In the records that follow, find the line with "你可能喜欢 常用静脉泵入药物用法 血管活性药物使用 硝酸甘油 微量泵"; from there, retype every line exactly through the line with "Screener Croisement moyenne", which also belongs to the answer.

AVAILABLE DATA >>
=======
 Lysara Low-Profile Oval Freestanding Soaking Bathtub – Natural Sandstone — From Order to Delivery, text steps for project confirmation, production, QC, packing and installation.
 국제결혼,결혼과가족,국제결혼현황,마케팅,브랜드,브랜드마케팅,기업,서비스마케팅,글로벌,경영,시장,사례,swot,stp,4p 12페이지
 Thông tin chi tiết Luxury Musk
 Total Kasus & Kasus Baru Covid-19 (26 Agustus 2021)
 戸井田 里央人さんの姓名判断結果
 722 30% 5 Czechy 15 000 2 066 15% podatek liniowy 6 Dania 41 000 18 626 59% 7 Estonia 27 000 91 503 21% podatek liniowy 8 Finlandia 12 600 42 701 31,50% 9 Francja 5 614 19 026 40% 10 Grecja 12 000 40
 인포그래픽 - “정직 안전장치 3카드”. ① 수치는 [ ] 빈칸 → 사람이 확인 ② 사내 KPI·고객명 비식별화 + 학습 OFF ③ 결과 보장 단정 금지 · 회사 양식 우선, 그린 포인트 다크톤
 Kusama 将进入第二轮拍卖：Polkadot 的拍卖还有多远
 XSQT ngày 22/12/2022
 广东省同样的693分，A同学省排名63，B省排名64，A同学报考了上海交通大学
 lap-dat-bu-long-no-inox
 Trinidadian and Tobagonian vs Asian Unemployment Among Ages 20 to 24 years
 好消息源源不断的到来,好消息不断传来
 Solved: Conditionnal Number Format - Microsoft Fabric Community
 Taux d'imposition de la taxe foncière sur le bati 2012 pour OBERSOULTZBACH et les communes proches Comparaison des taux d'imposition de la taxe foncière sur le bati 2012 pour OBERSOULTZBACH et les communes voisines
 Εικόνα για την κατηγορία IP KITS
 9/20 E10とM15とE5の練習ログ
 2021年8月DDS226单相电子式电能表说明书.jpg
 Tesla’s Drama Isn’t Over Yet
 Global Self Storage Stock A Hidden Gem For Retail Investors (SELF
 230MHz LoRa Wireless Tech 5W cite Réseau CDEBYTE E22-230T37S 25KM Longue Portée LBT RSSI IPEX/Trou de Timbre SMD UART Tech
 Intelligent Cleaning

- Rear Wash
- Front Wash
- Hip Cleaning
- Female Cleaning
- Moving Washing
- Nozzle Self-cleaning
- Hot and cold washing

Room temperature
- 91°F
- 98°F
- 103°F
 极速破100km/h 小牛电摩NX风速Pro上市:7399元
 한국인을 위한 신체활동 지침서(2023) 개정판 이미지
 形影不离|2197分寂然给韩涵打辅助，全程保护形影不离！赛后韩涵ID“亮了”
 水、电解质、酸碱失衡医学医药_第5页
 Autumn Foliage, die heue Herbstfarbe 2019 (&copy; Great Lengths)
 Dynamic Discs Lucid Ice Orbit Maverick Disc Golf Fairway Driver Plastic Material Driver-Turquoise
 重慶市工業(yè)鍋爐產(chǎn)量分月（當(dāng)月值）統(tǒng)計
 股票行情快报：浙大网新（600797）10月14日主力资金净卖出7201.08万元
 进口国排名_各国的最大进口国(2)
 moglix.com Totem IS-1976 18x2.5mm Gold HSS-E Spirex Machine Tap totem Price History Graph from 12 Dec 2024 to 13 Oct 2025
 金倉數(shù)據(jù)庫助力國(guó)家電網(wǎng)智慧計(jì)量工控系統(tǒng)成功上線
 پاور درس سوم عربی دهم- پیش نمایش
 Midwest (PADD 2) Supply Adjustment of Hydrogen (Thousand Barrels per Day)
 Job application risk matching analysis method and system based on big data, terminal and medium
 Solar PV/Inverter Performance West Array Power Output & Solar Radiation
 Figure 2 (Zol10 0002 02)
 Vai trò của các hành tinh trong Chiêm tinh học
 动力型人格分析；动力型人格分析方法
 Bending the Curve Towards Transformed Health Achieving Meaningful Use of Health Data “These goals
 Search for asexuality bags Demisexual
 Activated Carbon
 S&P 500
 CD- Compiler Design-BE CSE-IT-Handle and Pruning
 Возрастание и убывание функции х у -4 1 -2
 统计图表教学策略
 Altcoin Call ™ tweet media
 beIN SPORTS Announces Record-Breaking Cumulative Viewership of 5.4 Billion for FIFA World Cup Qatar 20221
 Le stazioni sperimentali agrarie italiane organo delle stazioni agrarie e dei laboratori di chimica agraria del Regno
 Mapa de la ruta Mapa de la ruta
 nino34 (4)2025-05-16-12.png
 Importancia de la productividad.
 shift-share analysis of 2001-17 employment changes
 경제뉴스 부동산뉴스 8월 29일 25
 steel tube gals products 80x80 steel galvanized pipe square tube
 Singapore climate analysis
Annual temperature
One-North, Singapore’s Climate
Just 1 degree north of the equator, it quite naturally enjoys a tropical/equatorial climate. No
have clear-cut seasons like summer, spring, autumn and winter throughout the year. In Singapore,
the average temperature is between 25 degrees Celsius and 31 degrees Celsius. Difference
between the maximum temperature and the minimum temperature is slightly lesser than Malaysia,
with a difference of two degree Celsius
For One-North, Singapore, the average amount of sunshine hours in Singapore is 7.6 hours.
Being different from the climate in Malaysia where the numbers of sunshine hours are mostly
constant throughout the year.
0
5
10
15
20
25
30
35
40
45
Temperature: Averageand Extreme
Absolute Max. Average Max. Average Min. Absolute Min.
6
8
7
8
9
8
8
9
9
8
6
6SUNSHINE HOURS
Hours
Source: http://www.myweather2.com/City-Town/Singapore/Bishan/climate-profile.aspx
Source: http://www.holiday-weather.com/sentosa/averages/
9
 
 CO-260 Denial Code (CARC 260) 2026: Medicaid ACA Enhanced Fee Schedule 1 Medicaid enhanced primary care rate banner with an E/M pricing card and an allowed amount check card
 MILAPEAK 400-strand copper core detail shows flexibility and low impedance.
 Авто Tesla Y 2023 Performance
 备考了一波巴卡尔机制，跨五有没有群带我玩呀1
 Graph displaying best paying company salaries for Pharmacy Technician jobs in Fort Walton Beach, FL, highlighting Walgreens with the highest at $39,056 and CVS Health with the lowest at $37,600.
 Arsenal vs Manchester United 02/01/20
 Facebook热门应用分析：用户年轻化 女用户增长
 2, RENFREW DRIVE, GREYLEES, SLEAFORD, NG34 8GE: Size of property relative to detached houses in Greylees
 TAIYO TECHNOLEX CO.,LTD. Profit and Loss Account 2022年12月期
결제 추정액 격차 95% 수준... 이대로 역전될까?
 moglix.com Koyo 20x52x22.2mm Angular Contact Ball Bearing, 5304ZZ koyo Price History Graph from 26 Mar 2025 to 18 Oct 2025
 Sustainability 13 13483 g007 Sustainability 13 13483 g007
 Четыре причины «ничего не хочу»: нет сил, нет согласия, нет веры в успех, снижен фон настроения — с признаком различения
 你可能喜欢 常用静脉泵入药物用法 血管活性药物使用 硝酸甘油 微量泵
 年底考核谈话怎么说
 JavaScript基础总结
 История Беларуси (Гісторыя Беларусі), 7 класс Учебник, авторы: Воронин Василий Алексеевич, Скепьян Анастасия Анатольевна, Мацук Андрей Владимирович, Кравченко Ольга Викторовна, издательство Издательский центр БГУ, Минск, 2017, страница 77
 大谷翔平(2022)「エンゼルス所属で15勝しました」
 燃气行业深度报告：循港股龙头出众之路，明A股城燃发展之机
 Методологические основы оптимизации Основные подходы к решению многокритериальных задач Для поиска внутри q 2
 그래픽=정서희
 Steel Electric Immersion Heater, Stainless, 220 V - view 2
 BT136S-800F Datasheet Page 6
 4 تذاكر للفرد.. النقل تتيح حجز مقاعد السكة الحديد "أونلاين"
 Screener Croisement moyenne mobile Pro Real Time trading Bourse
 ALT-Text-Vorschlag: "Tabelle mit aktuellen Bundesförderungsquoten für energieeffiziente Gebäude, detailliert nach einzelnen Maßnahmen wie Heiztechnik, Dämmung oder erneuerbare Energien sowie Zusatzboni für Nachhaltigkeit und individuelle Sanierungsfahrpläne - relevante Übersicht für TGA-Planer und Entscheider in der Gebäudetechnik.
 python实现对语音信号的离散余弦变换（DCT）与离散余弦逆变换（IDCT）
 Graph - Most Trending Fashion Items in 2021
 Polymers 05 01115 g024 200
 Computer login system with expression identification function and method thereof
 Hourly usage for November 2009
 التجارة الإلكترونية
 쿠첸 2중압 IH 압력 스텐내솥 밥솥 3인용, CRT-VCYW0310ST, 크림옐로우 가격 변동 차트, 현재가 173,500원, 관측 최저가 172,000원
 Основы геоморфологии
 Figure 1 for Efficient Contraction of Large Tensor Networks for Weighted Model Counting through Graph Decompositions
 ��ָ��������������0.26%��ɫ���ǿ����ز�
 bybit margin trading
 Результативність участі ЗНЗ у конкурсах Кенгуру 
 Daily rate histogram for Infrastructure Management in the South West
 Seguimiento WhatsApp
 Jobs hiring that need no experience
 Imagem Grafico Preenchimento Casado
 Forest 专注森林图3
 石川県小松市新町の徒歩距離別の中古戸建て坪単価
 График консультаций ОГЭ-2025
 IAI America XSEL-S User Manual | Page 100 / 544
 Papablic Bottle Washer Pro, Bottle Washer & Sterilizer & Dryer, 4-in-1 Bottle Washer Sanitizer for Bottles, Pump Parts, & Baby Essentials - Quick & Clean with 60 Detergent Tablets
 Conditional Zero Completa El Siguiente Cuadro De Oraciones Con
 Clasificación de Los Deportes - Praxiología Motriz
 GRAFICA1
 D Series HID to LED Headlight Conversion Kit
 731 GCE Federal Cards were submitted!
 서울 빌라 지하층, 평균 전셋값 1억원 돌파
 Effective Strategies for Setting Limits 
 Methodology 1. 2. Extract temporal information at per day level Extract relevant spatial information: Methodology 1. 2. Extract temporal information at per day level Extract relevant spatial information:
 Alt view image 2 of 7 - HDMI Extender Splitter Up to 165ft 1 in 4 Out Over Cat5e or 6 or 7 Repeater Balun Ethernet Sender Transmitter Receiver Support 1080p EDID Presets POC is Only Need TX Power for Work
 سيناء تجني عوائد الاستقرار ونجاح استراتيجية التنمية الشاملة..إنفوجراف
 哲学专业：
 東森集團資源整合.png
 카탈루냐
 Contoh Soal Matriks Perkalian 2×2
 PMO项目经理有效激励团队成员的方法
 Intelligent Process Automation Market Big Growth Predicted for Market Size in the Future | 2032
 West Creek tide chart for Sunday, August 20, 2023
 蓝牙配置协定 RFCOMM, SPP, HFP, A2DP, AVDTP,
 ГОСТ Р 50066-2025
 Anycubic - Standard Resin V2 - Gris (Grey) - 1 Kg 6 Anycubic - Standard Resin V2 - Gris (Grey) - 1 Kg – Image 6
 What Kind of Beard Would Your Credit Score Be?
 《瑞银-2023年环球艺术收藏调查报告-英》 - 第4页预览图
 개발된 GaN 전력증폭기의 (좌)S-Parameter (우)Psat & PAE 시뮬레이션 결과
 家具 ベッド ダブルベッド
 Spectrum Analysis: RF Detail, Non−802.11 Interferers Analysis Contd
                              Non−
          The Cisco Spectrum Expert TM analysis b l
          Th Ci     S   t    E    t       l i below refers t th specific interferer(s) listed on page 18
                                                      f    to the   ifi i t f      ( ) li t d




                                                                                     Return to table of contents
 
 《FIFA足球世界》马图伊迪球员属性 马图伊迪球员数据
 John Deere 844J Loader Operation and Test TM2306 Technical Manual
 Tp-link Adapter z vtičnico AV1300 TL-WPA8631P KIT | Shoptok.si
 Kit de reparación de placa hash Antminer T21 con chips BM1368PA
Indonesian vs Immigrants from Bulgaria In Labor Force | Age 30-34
=======
EXERCISE ANSWER >>
 你可能喜欢 常用静脉泵入药物用法 血管活性药物使用 硝酸甘油 微量泵
 年底考核谈话怎么说
 JavaScript基础总结
 История Беларуси (Гісторыя Беларусі), 7 класс Учебник, авторы: Воронин Василий Алексеевич, Скепьян Анастасия Анатольевна, Мацук Андрей Владимирович, Кравченко Ольга Викторовна, издательство Издательский центр БГУ, Минск, 2017, страница 77
 大谷翔平(2022)「エンゼルス所属で15勝しました」
 燃气行业深度报告：循港股龙头出众之路，明A股城燃发展之机
 Методологические основы оптимизации Основные подходы к решению многокритериальных задач Для поиска внутри q 2
 그래픽=정서희
 Steel Electric Immersion Heater, Stainless, 220 V - view 2
 BT136S-800F Datasheet Page 6
 4 تذاكر للفرد.. النقل تتيح حجز مقاعد السكة الحديد "أونلاين"
 Screener Croisement moyenne mobile Pro Real Time trading Bourse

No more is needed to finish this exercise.